The 4a to 4c show cross sections through the actuator 1 out 3 at different anchor positions. In 4a is the anchor 2 in his first end position, in which he at the first anchor counterpart 5 is applied and by the electromagnetic forces of the coil 7 can be held. It is clear that in the case of two wings 20 equipped anchor 2 its wings 20 each at a first anchor counterpart 5 come to the plant and there each by the electromagnetic forces of the coil 7 are held. When switching off the coil 7 can the anchor 2 from the anchor counterpart 5 solve and in the direction of the oppositely arranged armature counterpart 5 accelerate. By timely switching on the coil 7 may be the other anchor counterpart 5 the incoming anchor 2 catch.

Corresponding 4b takes the anchor 2 then his second end position, in which he at the second anchor counterpart 5 is applied and can be held with the help of electromagnetic forces.

If the coil 7 is turned off, performs the reset device 6 according to 2 In particular, may include a torsion bar, that the anchor 2 automatically his starting position according to 4c occupies, which lies between the end positions.
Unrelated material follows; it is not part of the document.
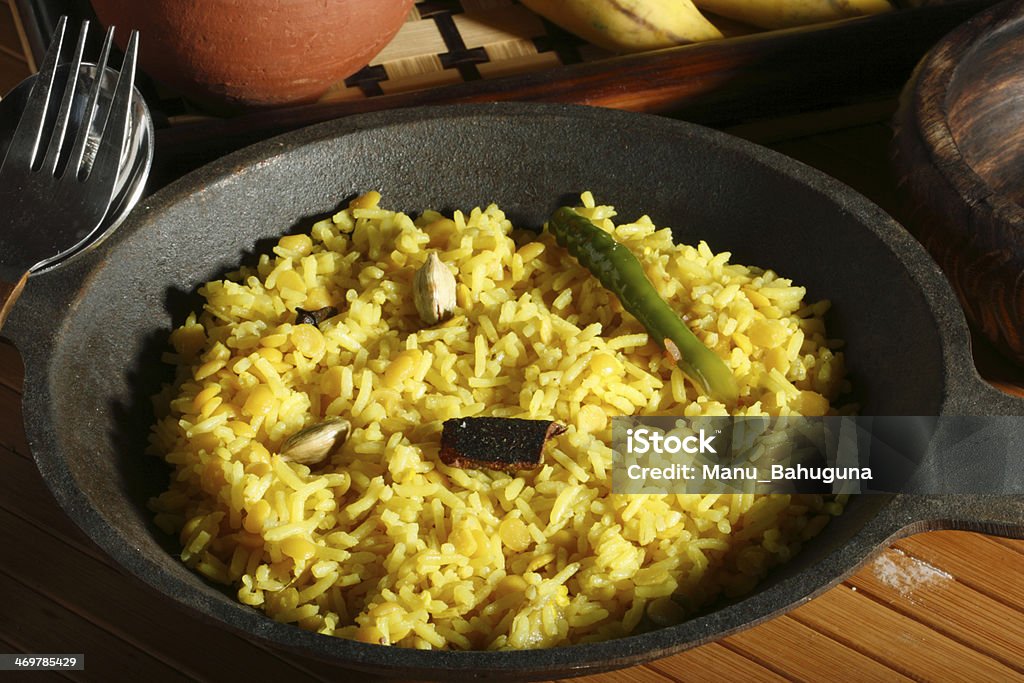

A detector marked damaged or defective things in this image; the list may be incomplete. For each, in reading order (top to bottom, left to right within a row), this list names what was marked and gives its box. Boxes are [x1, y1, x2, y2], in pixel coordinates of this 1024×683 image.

burnt cinnamon stick piece [438, 413, 569, 473]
To the anchor 2 In a conventional actuator, which operates with two separately controllable coils to transfer from the initial position to one of the end positions, the two coils can be driven alternately with the resonant frequency of the vibration system formed from armature and restoring device. The armature is thereby excited to oscillations in the resonant frequency range, whose amplitudes increase rapidly until the armature comes to rest on one of the armature counterparts and can be held there by a permanent holding force. Such Anschwingprozedur can in the actuator according to the invention 1 can not be carried out easily, since the actuator according to the invention 1 with only a single coil 7 works and when their activation thus at the anchor counterparts 5 always at the same time electromagnetic attraction forces are effective. A remedy could, for example, create a mechanical drive that activates the actuator 1 the anchor 2 deflects more or less strongly from its starting position.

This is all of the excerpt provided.